Associated Newspapers have lost their challenge to an award of £10,000 privacy damages to three of singer Paul Weller's children.

The group claimed that High Court judge Mr Justice Dingemans got it wrong in his application of the law and created what was, in effect, an "image right" for the first time.

This would have far-reaching adverse effects on the freedom of the UK media if allowed to stand, the Court of Appeal heard last month.

The 57-year-old frontman of The Jam and The Style Council brought the case after the unobscured faces of daughter Dylan, 16, and 10-month-old twins John Paul and Bowie were "plastered'' over the MailOnline website.

The Master of the Rolls Lord Dyson, Lord Justice Tomlinson and Lord Justice Bean today dismissed the appeal and refused Associated permission to appeal to the Supreme Court.

Giving the court's ruling, Lord Dyson said that Mr Justice Dingemans was right to hold that the children had a reasonable expectation in the privacy of the photos and that their Article 8 rights which relate to respect for private and family life outweighed Associated's right to freedom of expression.

The seven unpixelated pictures appeared in October 2012 after a paparazzo followed Weller and his children on a shopping trip in Santa Monica, California - taking photos without their consent, despite being asked to stop.

Associated said they were innocuous and inoffensive images taken in public places, and that the Wellers had previously chosen to open up their private family life to public gaze to a significant degree.

But the judge ruled that there was a misuse of private information and a breach of the Data Protection Act which merited an award of £5,000 to Dylan and £2,500 each to the twins.

Lord Dyson said that it was well established in both the domestic and Strasbourg case law that there were some matters about which a person could have a reasonable expectation of privacy notwithstanding that they occur in public.

This was a private family outing and the family element of the activity distinguished it from Naomi Campbell's popping out to the shops for a bottle of milk and Sir Elton John standing with his driver in a London street, outside the gate to his home wearing a baseball cap and tracksuit.

It was also relevant that the children's parents did not consent to the taking or publishing of the photos, he said.

But the critical factor was that they were children and were identified by their surname - the twins were less than one year old at the time of publication.

They did not "knowingly or accidentally" lay themselves open to the possibility of having their photo taken in the context of an activity that was likely to be recorded or reported in a public manner.
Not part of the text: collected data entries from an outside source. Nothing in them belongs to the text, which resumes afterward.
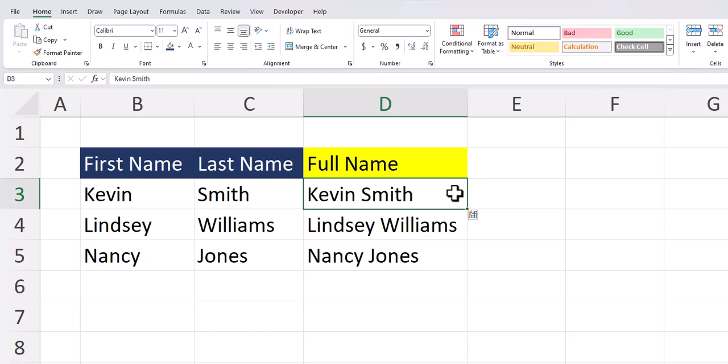Hello team and welcome to today's Excel video where I'll be sharing with you how to combine first and last names into full names, both using a dynamic formula as well as a static keyboard shortcut. Let's jump in.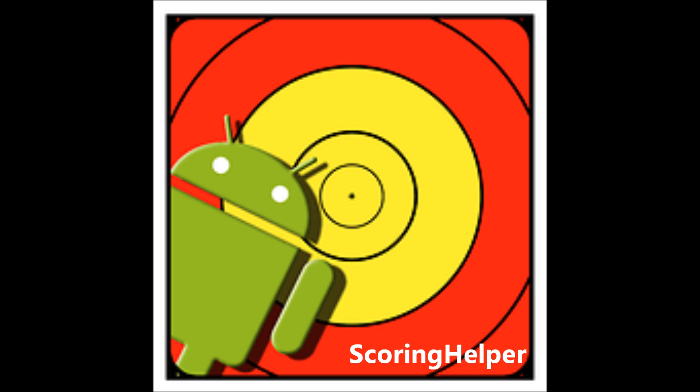Well, my friends, I must introduce you to my favorite archery app. The name, Scoring Helper.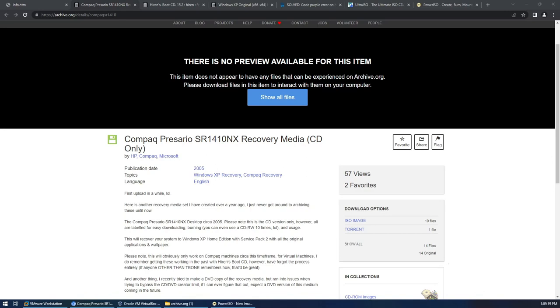Hi, I just wanted to go through today getting these old HP Compaq recovery images working in a virtual machine.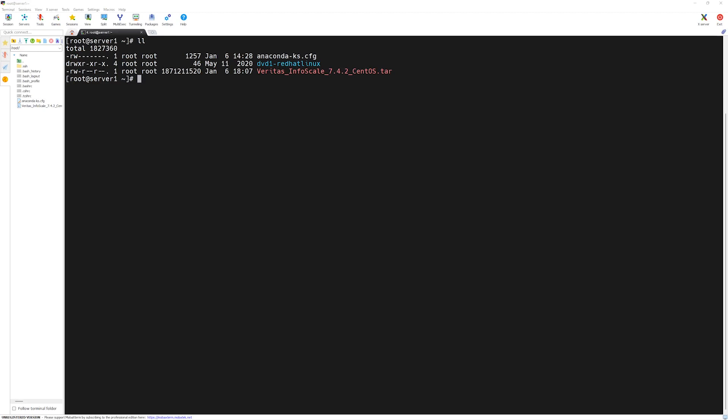In our previous lecture, we uncompressed our Veritas Cluster software package file. In this video, we will run a prerequisite script which comes in Veritas Cluster to make sure our systems meet the requirements to install the VCS software.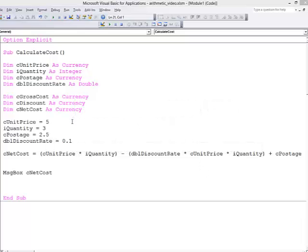Originally I calculated the amount that needs to be paid, the net cost, by performing the calculation in stages. But I just want to show you how we can do this in one go.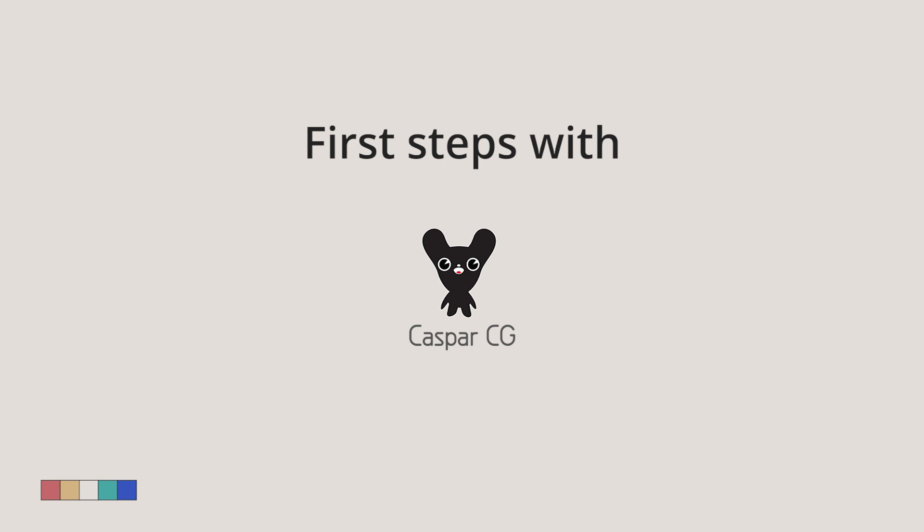Hello, I will show you how to start using CasperCG to test and play out your HTML graphic templates.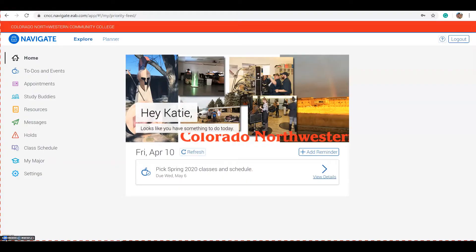This video is going to cover the Planner section of Navigate. If you're unsure of how to log into Navigate and get to this home screen, please watch our video on how to log into Navigate.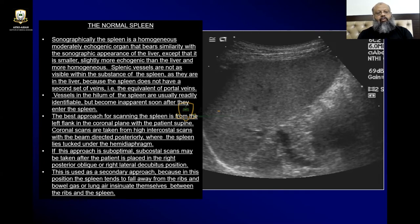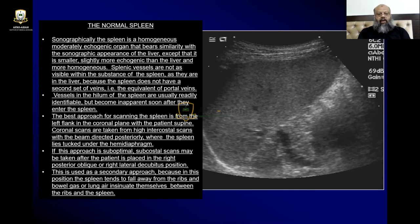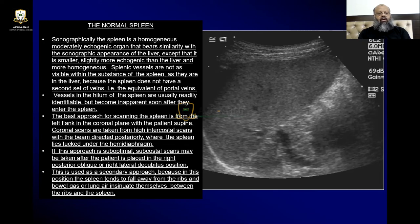The best approach for scanning the spleen is from the left flank in the coronal plane, with the patient lying supine. Coronal scans are taken from high intercostal positions with the beam directed posteriorly, where the spleen lies tucked under the diaphragm. If this approach is suboptimal, subcostal scans may be taken after the patient is placed in the right posterior oblique or right lateral decubitus position.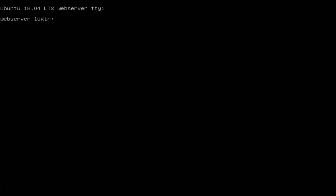Hello, welcome back. Today I'm going to show you how to configure a static IP address in Ubuntu 18.04 Server.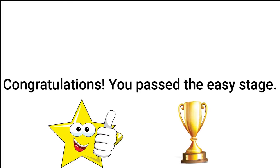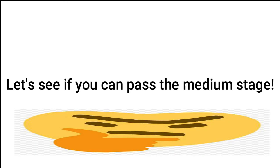Congratulations! You passed the easy stage. Let's see if you can pass the medium stage. Three, two, one.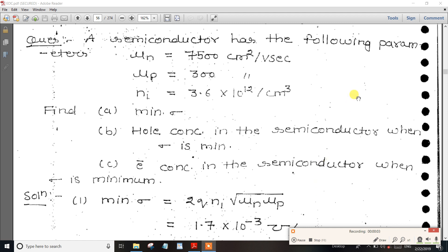In this video, we will solve the minimum conductivity problem. If you have an electric device, the minimum conductivity problem is available. For this video, the minimum conductivity derivative is the equation, and for the minimum conductivity, it comes to the equation.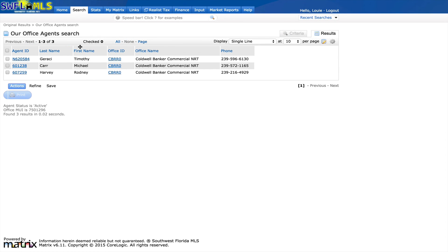This concludes our video on how to search for both agents and offices inside of Matrix. Thank you.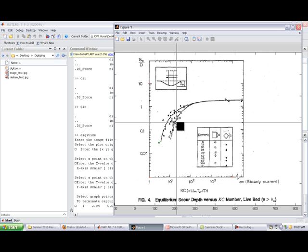Worst case scenario is that we still end up digitizing all the data. Ideally, we would like to be able to segregate the data in terms of, okay well, let's only look at a program scoured up around a square pile that's oriented in line with the flow, with the broad face perpendicular to the flow. And let's look at that and see if there's a program model that fits all of that data.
Nor did their parents court publicity for them.

"The fact that a child's parent or parents are celebrities or public figures may not, without more, be relied on to argue that the child should have a lower reasonable expectation of privacy.

"The child's reasonable expectation of privacy cannot be different from that of a child whose parents are not in the public arena, unless the parents have courted publicity for the child.

"Indeed, the fact that a child's parents are in the public eye means that the child is potentially exposed to a special vulnerability: it could put their safety and security at risk."

He added that children should be protected from the risk of embarrassment and bullying and potentially more serious threats to their safety.